In the Jiangnan region of China, swamp eels are a delicacy, usually cooked in stirfries or casseroles. The recipe usually calls for garlic, scallions, bamboo shoots, rice wine, sugar, starch, and soy sauce with prodigious amounts of vegetable oil. It is popular in the region from Shanghai to Nanjing. The Chinese name in pinyin of this dish is chao shan hu. The name of the swamp eel is shan yu or huang shan.
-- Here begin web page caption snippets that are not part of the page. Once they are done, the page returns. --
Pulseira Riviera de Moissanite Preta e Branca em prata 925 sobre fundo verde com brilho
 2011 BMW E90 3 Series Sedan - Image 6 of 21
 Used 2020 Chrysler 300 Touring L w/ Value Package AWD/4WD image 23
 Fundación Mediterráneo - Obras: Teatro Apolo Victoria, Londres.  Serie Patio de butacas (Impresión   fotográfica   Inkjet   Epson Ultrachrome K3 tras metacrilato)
In Assam swamp eels are considered a delicacy and prepared as curry or dry fry. It is believed there that these are good source of iron and good for blood deficiency.

== Conservation status ==
As of 2021, eleven species were listed by the IUCN as species of special concern: Typhlosynbranchus boueti (Liberian swamp eel), Rakthamichthys indicus (Malabar swamp eel), Rakthamichthys roseni, Rakthamichthys digressus, and Ophichthys hodgarti have been classified as data deficient, meaning that they require more study to determine their conservation status. Ophichthys indicus (Bombay swamp eel) is classified as vulnerable. Ophichthys fossorius (Malabar swampeel), Ophisternon infernale (blind swamp eel), Ophisternon candidum (the blind cave eel), and Ophisternon afrum (Guinea swamp eel) are classified as endangered. Ophichthys desilvai (Desilvai's blind eel) is classified as critically endangered.

On the other side of the endangerment issue, invasive Asian swamp eels in Florida are a major threat to populations of crayfish and some other small species.